AIM OF THE TASK: Only one stretch of the records below should be repeated. It starts with the line containing "Banc à Chaussures" and goes on through the line containing "Papier Cadeau-Papier Cadeau Atlas Vintage", exactly as written.

**** SUPPLIED INFORMATION

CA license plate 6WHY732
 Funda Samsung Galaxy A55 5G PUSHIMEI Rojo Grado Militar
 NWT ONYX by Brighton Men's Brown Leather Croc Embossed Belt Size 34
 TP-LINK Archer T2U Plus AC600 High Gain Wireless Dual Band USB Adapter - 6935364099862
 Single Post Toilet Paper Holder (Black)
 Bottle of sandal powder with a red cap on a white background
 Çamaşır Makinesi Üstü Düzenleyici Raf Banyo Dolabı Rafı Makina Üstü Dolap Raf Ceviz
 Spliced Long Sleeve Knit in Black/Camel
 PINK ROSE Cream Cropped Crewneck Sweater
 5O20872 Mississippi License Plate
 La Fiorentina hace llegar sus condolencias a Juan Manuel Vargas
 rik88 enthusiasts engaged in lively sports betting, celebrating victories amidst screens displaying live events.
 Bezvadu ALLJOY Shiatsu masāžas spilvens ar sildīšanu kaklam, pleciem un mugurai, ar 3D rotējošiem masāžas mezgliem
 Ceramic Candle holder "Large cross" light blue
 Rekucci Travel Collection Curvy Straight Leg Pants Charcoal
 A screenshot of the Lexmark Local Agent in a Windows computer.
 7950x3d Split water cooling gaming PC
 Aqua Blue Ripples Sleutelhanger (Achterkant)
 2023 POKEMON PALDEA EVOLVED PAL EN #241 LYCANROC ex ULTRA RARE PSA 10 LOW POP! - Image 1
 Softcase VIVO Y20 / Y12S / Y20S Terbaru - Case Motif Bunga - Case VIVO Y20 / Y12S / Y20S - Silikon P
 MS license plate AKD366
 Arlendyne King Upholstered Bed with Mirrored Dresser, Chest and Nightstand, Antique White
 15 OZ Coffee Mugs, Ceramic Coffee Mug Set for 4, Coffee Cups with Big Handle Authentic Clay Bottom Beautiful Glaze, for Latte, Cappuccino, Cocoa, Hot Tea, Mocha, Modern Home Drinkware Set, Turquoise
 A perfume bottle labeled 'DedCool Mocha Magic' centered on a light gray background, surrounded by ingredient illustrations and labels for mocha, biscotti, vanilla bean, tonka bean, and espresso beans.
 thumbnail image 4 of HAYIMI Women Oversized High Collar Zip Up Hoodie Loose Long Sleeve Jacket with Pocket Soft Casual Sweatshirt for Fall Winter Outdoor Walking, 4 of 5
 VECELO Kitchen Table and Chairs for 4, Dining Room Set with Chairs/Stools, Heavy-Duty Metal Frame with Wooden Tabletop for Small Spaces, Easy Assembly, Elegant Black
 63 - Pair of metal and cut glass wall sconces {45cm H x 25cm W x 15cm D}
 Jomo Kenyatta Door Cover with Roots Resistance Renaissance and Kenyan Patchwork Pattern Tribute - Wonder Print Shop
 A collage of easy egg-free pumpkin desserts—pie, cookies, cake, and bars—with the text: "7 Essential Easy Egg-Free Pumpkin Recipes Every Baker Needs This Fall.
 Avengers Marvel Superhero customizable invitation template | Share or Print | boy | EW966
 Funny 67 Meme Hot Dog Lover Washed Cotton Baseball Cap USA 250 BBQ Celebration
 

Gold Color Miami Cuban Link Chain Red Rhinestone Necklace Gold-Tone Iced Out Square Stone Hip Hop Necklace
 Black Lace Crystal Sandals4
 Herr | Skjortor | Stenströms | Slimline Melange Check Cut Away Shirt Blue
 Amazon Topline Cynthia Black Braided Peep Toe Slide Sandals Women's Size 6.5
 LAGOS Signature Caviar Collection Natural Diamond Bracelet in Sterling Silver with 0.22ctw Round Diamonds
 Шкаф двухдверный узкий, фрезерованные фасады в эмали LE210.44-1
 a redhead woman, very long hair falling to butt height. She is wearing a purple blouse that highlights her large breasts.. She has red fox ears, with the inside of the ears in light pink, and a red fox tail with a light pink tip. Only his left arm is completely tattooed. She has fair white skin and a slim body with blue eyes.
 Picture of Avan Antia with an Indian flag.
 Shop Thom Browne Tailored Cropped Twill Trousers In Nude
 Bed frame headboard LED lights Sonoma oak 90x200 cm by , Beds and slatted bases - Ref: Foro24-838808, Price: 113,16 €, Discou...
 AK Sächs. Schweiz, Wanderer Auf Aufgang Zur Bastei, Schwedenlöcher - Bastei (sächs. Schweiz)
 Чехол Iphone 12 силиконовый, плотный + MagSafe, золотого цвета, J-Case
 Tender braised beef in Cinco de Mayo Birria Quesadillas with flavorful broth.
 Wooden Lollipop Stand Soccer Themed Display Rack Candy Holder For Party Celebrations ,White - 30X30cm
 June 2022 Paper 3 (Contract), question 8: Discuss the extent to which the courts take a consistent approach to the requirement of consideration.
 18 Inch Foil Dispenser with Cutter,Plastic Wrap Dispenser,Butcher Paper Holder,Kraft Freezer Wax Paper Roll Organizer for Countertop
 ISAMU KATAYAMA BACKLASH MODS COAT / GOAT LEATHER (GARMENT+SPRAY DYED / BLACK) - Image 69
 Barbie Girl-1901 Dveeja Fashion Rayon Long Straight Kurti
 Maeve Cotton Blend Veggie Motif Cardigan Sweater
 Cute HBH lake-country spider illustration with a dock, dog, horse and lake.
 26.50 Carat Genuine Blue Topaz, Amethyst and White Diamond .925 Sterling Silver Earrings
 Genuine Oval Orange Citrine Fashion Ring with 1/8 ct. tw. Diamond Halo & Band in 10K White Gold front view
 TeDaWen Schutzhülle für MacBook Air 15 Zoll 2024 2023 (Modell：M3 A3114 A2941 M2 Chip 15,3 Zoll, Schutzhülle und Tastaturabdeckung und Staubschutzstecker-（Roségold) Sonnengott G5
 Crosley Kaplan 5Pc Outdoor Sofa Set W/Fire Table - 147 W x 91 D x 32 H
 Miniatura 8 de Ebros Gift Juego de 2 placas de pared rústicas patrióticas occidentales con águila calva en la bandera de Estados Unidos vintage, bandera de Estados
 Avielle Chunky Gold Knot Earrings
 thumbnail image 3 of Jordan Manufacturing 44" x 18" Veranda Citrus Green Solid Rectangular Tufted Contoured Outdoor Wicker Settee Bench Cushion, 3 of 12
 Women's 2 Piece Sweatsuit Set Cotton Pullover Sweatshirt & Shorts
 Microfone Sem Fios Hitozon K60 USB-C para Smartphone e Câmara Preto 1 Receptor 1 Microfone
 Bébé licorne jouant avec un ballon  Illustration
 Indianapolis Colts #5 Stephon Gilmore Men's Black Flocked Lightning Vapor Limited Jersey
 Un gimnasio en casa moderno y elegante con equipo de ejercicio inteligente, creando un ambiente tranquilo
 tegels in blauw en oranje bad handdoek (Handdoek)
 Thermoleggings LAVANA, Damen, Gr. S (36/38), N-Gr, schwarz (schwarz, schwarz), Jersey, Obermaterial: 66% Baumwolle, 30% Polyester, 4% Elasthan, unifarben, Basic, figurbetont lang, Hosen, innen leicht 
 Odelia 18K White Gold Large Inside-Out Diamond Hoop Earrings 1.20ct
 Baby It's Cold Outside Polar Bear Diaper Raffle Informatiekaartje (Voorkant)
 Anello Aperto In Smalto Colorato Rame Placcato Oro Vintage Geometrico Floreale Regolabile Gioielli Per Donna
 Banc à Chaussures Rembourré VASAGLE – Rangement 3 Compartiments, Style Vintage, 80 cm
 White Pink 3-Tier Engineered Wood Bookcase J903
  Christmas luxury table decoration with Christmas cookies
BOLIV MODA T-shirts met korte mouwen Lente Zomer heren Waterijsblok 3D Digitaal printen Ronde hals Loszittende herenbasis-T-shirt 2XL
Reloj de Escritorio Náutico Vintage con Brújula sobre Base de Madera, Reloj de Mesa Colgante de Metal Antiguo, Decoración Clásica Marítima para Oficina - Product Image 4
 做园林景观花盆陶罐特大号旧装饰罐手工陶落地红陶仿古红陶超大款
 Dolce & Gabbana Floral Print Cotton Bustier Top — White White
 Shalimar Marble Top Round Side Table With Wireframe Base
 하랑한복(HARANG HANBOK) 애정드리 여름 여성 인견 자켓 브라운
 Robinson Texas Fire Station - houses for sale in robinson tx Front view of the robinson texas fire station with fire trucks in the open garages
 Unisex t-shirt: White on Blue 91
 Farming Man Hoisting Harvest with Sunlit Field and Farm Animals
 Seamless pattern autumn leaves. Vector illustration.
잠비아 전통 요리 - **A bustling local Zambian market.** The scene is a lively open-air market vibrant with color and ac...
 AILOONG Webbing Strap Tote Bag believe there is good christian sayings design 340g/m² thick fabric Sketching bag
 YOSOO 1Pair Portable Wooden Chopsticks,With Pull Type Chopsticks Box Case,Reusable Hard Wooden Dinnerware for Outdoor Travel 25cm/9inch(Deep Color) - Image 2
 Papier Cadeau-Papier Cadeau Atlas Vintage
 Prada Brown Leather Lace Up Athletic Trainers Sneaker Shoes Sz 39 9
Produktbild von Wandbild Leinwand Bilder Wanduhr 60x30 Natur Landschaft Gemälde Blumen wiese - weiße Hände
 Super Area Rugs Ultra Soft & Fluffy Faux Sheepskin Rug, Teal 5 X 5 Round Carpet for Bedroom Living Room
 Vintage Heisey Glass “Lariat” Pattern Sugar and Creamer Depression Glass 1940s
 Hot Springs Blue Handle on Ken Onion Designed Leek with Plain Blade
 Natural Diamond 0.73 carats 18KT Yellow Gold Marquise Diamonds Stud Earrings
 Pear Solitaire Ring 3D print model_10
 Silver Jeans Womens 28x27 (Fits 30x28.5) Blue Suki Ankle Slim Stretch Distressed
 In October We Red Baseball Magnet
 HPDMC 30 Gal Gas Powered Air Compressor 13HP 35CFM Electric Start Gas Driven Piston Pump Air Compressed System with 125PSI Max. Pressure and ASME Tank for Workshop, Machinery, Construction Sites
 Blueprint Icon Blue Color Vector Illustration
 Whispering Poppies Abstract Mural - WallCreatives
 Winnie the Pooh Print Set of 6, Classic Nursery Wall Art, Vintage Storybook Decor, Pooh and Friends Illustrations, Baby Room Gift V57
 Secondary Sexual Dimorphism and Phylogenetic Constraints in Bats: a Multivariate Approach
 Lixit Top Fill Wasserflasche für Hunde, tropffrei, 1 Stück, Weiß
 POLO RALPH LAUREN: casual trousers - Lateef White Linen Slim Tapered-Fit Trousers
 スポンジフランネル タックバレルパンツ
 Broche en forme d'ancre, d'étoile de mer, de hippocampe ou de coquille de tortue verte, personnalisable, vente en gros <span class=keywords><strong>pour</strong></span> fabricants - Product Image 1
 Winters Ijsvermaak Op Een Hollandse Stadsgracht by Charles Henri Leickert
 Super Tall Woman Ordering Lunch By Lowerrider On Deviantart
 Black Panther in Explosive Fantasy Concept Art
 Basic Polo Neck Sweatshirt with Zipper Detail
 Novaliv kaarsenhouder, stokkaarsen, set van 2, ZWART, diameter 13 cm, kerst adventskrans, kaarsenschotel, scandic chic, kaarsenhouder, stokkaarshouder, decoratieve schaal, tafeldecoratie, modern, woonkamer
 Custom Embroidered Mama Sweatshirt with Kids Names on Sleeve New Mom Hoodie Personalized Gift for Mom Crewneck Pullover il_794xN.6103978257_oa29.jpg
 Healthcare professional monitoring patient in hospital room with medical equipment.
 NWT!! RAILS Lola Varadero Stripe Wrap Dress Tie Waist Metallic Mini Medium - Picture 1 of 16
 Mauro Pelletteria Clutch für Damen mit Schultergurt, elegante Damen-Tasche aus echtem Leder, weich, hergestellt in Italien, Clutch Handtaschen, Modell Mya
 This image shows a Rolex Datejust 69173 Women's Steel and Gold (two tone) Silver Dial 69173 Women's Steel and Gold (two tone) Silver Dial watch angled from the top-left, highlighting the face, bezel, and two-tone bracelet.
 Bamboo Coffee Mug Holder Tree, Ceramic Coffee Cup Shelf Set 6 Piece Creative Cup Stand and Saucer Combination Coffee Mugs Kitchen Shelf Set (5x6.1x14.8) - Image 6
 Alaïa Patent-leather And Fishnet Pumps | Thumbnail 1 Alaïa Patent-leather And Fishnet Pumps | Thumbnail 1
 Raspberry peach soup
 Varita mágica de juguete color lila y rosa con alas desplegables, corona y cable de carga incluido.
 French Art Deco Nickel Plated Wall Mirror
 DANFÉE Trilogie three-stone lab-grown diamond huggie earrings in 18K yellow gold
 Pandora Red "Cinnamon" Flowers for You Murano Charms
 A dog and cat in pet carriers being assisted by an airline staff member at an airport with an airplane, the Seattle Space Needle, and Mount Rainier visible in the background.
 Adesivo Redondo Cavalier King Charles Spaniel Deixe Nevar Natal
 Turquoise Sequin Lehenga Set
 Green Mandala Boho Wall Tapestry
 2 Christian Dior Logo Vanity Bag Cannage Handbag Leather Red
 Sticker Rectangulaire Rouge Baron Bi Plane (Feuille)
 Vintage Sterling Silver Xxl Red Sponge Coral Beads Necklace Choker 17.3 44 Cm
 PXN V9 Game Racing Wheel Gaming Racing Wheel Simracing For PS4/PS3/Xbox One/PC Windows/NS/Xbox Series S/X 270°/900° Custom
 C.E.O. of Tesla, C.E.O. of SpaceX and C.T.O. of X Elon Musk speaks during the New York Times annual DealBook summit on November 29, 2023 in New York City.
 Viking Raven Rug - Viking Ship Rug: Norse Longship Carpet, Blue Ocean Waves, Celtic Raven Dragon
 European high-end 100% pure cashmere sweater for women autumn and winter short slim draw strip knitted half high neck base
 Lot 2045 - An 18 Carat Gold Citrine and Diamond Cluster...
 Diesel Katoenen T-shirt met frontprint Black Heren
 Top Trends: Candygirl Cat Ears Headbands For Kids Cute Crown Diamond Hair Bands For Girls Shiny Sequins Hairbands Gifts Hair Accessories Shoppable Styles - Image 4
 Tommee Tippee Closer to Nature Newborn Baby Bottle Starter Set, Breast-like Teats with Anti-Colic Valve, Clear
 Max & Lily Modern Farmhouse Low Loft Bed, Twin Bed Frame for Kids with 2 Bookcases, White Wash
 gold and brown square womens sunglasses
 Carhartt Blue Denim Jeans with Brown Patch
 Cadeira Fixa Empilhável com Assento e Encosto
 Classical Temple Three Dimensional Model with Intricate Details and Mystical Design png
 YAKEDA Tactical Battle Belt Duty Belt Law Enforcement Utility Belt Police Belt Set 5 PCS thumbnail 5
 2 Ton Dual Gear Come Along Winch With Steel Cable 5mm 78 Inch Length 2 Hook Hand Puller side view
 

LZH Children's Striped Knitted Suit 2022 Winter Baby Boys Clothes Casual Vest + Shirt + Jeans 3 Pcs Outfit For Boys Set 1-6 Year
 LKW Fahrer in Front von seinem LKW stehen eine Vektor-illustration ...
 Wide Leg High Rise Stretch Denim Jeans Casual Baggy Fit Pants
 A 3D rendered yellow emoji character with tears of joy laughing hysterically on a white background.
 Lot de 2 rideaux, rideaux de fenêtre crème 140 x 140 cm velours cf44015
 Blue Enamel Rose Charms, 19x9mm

********

TASK SOLUTION:
 Banc à Chaussures Rembourré VASAGLE – Rangement 3 Compartiments, Style Vintage, 80 cm
 White Pink 3-Tier Engineered Wood Bookcase J903
  Christmas luxury table decoration with Christmas cookies
BOLIV MODA T-shirts met korte mouwen Lente Zomer heren Waterijsblok 3D Digitaal printen Ronde hals Loszittende herenbasis-T-shirt 2XL
Reloj de Escritorio Náutico Vintage con Brújula sobre Base de Madera, Reloj de Mesa Colgante de Metal Antiguo, Decoración Clásica Marítima para Oficina - Product Image 4
 做园林景观花盆陶罐特大号旧装饰罐手工陶落地红陶仿古红陶超大款
 Dolce & Gabbana Floral Print Cotton Bustier Top — White White
 Shalimar Marble Top Round Side Table With Wireframe Base
 하랑한복(HARANG HANBOK) 애정드리 여름 여성 인견 자켓 브라운
 Robinson Texas Fire Station - houses for sale in robinson tx Front view of the robinson texas fire station with fire trucks in the open garages
 Unisex t-shirt: White on Blue 91
 Farming Man Hoisting Harvest with Sunlit Field and Farm Animals
 Seamless pattern autumn leaves. Vector illustration.
잠비아 전통 요리 - **A bustling local Zambian market.** The scene is a lively open-air market vibrant with color and ac...
 AILOONG Webbing Strap Tote Bag believe there is good christian sayings design 340g/m² thick fabric Sketching bag
 YOSOO 1Pair Portable Wooden Chopsticks,With Pull Type Chopsticks Box Case,Reusable Hard Wooden Dinnerware for Outdoor Travel 25cm/9inch(Deep Color) - Image 2
 Papier Cadeau-Papier Cadeau Atlas Vintage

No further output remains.